Source data
/---

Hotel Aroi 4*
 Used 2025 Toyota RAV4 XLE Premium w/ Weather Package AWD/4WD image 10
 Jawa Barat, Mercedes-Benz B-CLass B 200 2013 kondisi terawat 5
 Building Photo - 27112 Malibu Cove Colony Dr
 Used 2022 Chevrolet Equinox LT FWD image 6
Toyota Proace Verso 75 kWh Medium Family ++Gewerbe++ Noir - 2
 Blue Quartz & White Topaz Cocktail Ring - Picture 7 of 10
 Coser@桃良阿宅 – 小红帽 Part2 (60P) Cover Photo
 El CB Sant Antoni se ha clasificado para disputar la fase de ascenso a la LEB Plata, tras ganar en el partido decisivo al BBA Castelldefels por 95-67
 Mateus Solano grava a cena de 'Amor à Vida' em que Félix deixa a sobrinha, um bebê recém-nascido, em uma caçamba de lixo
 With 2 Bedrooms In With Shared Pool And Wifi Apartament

\---

Your answer must be the lines from the one that contains "El CB Sant Antoni" through the last line of the entries above, copied exactly, with no other lines.

 El CB Sant Antoni se ha clasificado para disputar la fase de ascenso a la LEB Plata, tras ganar en el partido decisivo al BBA Castelldefels por 95-67
 Mateus Solano grava a cena de 'Amor à Vida' em que Félix deixa a sobrinha, um bebê recém-nascido, em uma caçamba de lixo
 With 2 Bedrooms In With Shared Pool And Wifi Apartament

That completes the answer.